Ou comment le régime chinois, grâce aux caméras, aux algorithmes et aux bases de données, renforce le contrôle de la criminalité…et des opposants politiques.
La Chine enchaîne numériquement sa population
Les technologies sont amorales. Il appartient à l’humanité d’en faire bon ou mauvais usage. Prenons l’exemple des réseaux sociaux : s’ils ont facilité le déroulement des événements que l’on a qualifiés de « printemps arabes », en permettant aux manifestants de se réunir, ils ont également, il n’est plus permis d’en douter, servi d’instrument au pouvoir politique russe pour orienter les résultats de la dernière élection présidentielle américaine.

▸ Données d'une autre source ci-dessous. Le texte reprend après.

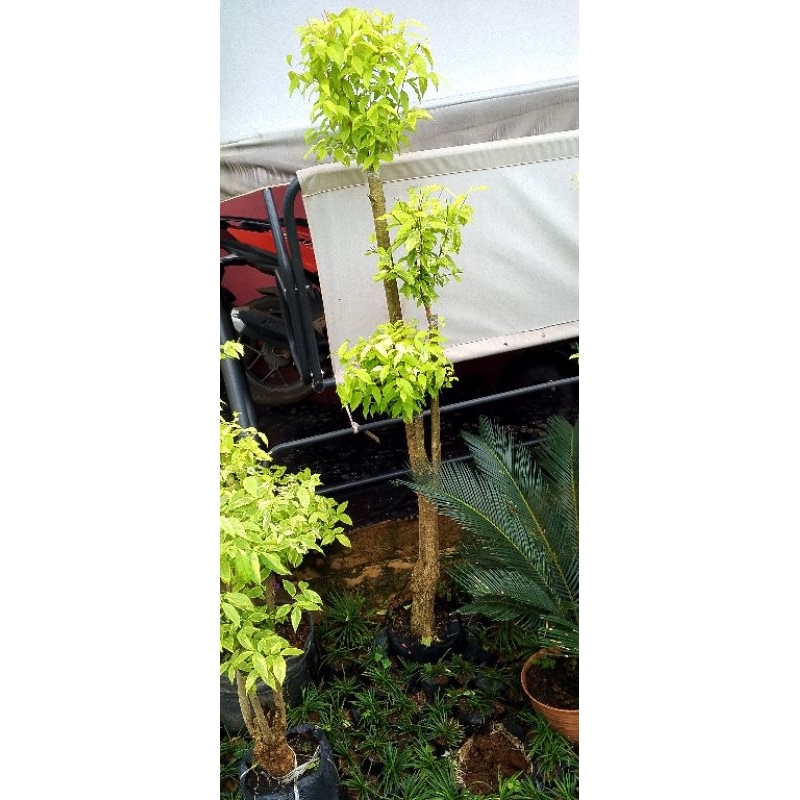 Anting putri bonsai anting putri bonsai taman anting putri 1meter dua batang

Le régime chinois, aussi populaire que la RDA était démocratique, n’a lui pas l’intention de laisser sa population faire sa révolution. Pour protéger son pouvoir, il s’appuie sur les technologies numériques. Deux dispositifs de contrôle de la population, expérimentés depuis quelques années, attirent l’attention : un système étendu de vidéosurveillance couplé à un logiciel de reconnaissance faciale et un dispositif de crédit social permettant de punir les « mauvais citoyens » en leur restreignant l’accès à certains services.
Souriez, vous êtes filmés !
Dans certaines villes chinoises, l’anonymat n’existe plus. Des centaines de caméras filment les rues, caméras dont les images sont analysées en temps réel par un logiciel de reconnaissance faciale qui s’appuie sur une base de données gigantesque : les photos des pièces d’identité.
Le régime chinois utilise ce dispositif pour repérer des individus recherchés. Des exemples récents d’arrestations dans des stades, des gares ou d’autres lieux publics ont démontré l’efficacité du système. C’est la fin des faux-papiers !
Pour démontrer l’efficacité du système, un journaliste de la BBC a tenté l’expérience (avec le concours des autorités), en enregistrant son profil dans une base de données de personnes recherchées. Il aura fallu moins de 7 minutes pour qu’il soit repéré par une caméra et interpellé.
Certains agents de police chinois sont également équipés de lunettes équipées du même logiciel de reconnaissance, ce qui leur permet d’identifier en temps réel une personne recherchée lors de leurs patrouilles.
Pourquoi pas ? Le dispositif va faciliter la lutte contre la criminalité.
Sauf qu’en Chine la liste des personnes recherchées peut également servir à repérer des opposants politiques ou des activistes des droits de l’homme.
Soyez polis
L’excellente série télévisée britannique Black Mirror imagine les conséquences néfastes d’un excès de technologie dans une société. Dans l’épisode Nosedive, chaque citoyen dispose d’une note (comme les chauffeurs de VTC) modifiée à chacune de ses interactions avec d’autres citoyens. Dans cette société, si vous êtes bien noté, vous avez accès à tout. Si votre note baisse, l’accès à certains services publics ou privés vous est progressivement restreint (billets d’avion, achat de logements, accès aux complexes touristiques ou à une école pour vos enfants…). Dans le même temps, vous devenez persona non grata auprès de vos anciens amis qui ne peuvent plus se permettre, socialement, de vous fréquenter.
La Chine est en train de mettre en place un tel système.
Plusieurs exemples sont relayés par la presse occidentale et des associations comme Human Rights Watch : les noms d’avocats et de journalistes chinois ont été, sur décision de justice, « blacklistés » dans plusieurs bases de données (opérateurs aériens et ferroviaires, banques) ce qui les a empêchés d’acheter des billets ou d’obtenir une carte de crédit.
Pourquoi pas ? Ces sanctions ne sont pas moins valables que des sanctions financières ou des peines de prison.
Le hic, ce sont l’arbitraire des décisions de justice et le manque d’information des justiciables (qui n’étaient pas toujours informés de leur condamnation).
Un exemple à ne pas suivre
La Chine nous offre ici une expérience grandeur nature de contrôle des citoyens grâce au numérique. S’il est illusoire d’espérer changer la donne là-bas, la mise en place de ces technologies et l’usage qui en est fait doit constituer une alerte pour nos démocraties.
Les outils utilisés par le régime chinois pourraient, à des fins sécuritaires et avec les meilleures volontés du monde, être mis en place en France ou en Europe. Il s’agira alors d’exercer une vigilance toute particulière pour que leur usage ne vienne pas mettre à risque les libertés fondamentales des citoyens, qui constituent le socle de nos démocraties.